Detecting color vs greyscale

There are a lot of questions on forums about this (1, 2), but no solution seemed to work for me. I basically needed to take a scanned color image, and detect if the original source was just a B&W document that I could down-convert into a dithered 1-bit document to save space/processing time.

The solution I came up with was similar to this post in the ImageMagick documentation

Another technique is to do a direct 'best fit' of a 3 dimensional line to all the colors (or a simplified Color Matrix of metrics) in the image. The error of the fit (generally average of the squares of the errors) gives you a very good indication about how well the image fits to that line.
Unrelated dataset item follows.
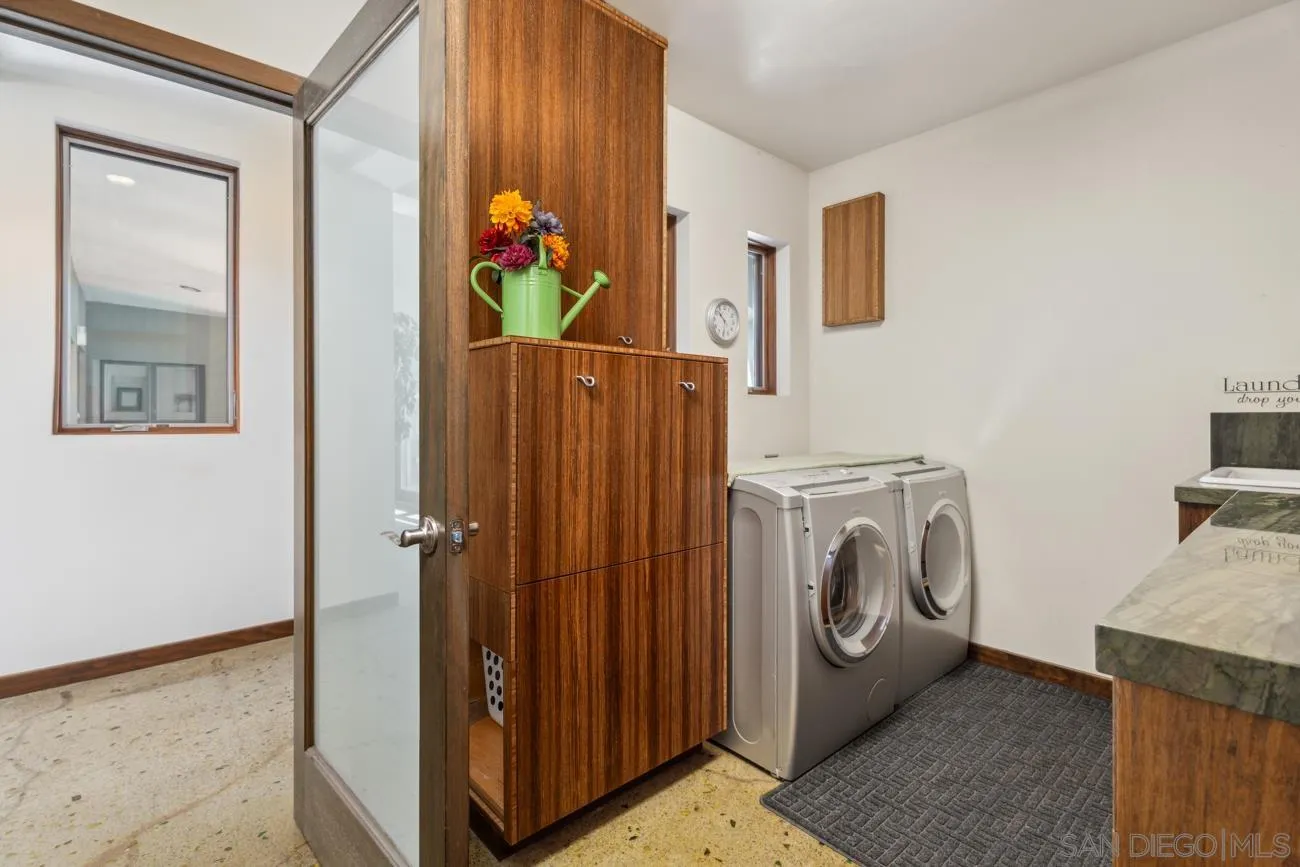 https://cdn.realtyfeed.com/cdn/127/260005368/26599305cde47281a7dd4d00afc41848.webp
The observation is that a pure grey scale image will have colors that individually have RGB components that are the same (RGB: #222222), so a plot of greys in 3D space should lie on a single line going through the origin. A monochromatic tint (sepia) similarly will also lie on a line with different slope/intercept, and if there are any shade variations, there will be some errors off the line.

Finding this best-linear-fit in 3D space is overkill for my problem. I don't need the line, and only need to deal with very small tints from grey (intercept of the line will be very close to the origin). So I just need to know if some simple error metric that correlates to my image's colors deviation from the best fit line is within some threshold. Here's the solution I came up with that I've verified works well at scanning different types of paper documents:

1. Quantize the number of colors in the image to some small number like 8.
2. Quantize to 8-bits in each component.
3. Generate a frequency table of those colors (optional, I didn't really end up using this)
4. Take each of the top N colors, and calculate the mean of the differences between the RGB components.
5. If the mean for any color is larger than some threshold (I used 20), then classify this image as color; if it is less, then I can safely assume the original image was greyscale or black and white.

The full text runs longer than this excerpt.